Let Y = U ( X ) Y = U ( X ) Y=U(X)Y=U(X), where U ( X ) = X U ( X ) = X U(X)=sqrtXU(X)=\sqrt{X}.
Y = U ( X ) Y = U ( X ) Y=U(X)Y=U(X) ,其中 U ( X ) = X U ( X ) = X U(X)=sqrtXU(X)=\sqrt{X} .

(a) (10 points) Find the probability density function f Y ( y ) f Y ( y ) f_(Y)(y)f_{Y}(y) of Y Y YY.
(a) (10 分)求 Y Y YY 的概率密度函数 f Y ( y ) f Y ( y ) f_(Y)(y)f_{Y}(y)

Solution: 解决方案

(a)

f Y ( y ) = 3 4 y 5 f Y ( y ) = 3 4 y 5 f_(Y)(y)=(3)/(4)y^(5)f_{Y}(y)=\frac{3}{4} y^{5} over 0 y 2 0 y 2 0 <= y <= sqrt20 \leq y \leq \sqrt{2}.
f Y ( y ) = 3 4 y 5 f Y ( y ) = 3 4 y 5 f_(Y)(y)=(3)/(4)y^(5)f_{Y}(y)=\frac{3}{4} y^{5} 胜过 0 y 2 0 y 2 0 <= y <= sqrt20 \leq y \leq \sqrt{2}
Teaching Objective: Transformation of Random Variables. Difficulty Level: Fundamental.
教学目标随机变量的变换。难度: 基础基础。

6. Let X X XX and Y Y YY be continuous random variables with a joint probability density function given by:
6.假设 X X XX Y Y YY 是连续的随机变量,它们的联合概率密度函数由以下公式给出:
f X , Y ( x , y ) = { c ( 2 x + y ) 0 x 1 , 0 y 1 0 otherwise f X , Y ( x , y ) = c ( 2 x + y )      0 x 1 , 0 y 1 0       otherwise  f_(X,Y)(x,y)={[c(2x+y),0 <= x <= 1","0 <= y <= 1],[0," otherwise "]:}f_{X, Y}(x, y)= \begin{cases}c(2 x+y) & 0 \leq x \leq 1,0 \leq y \leq 1 \\ 0 & \text { otherwise }\end{cases}
(a) (3 points) Find the value of the constant c c cc that makes f X , Y ( x , y ) f X , Y ( x , y ) f_(X,Y)(x,y)f_{X, Y}(x, y) a valid probability density function.
(a) (3 分) 找出使 f X , Y ( x , y ) f X , Y ( x , y ) f_(X,Y)(x,y)f_{X, Y}(x, y) 成为有效概率密度函数的常数 c c cc 的值。

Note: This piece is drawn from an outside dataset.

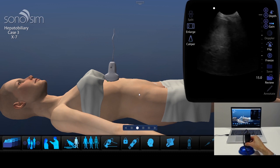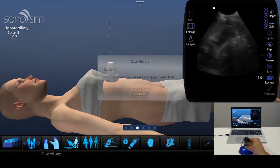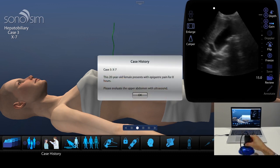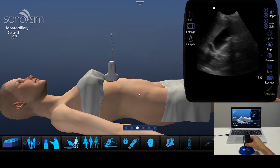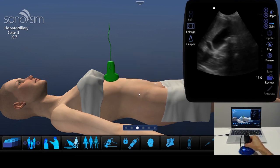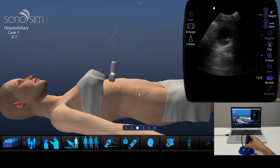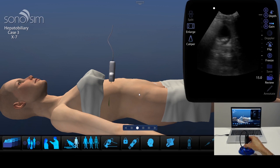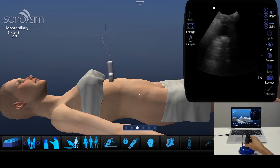For example, this case of a 20-year-old female presenting with epigastric pain for 8 hours. The probe on screen will match the movements you make with the probe in your hand as you rock, fan, and rotate.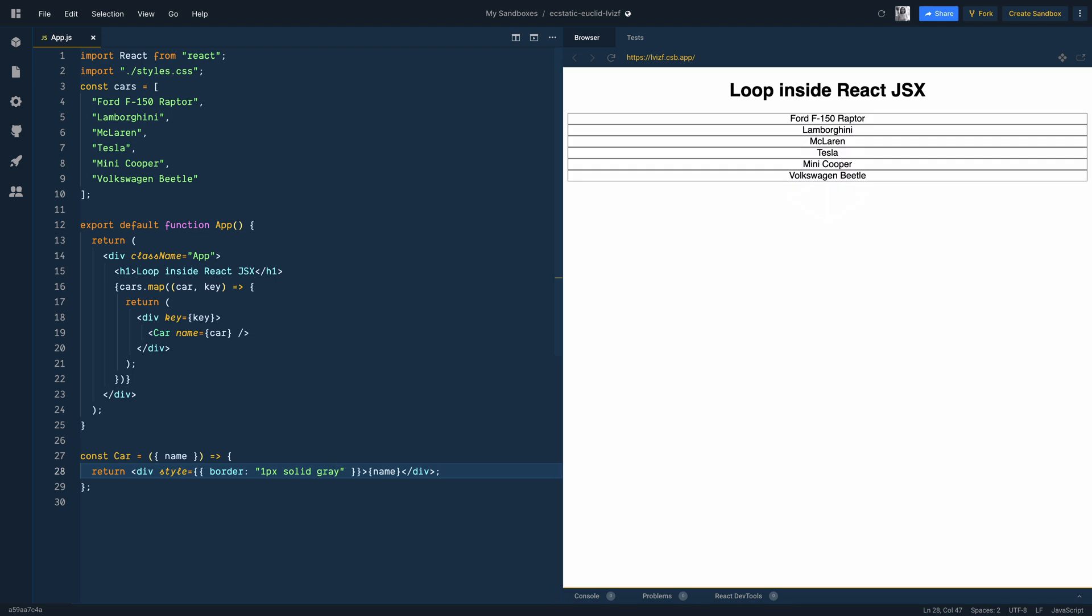For each element in the cars array, you are able to render a car component. Now a few things to notice here. When you iterate over objects and render a component, React requires you to give a unique key so that it can identify each item in the collection.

(b) (3 points) Compute the marginal probability density functions f X ( x ) f X ( x ) f_(X)(x)f_{X}(x) and f Y ( y ) f Y ( y ) f_(Y)(y)f_{Y}(y).
(b) (3 分)计算边际概率密度函数 f X ( x ) f X ( x ) f_(X)(x)f_{X}(x) f Y ( y ) f Y ( y ) f_(Y)(y)f_{Y}(y)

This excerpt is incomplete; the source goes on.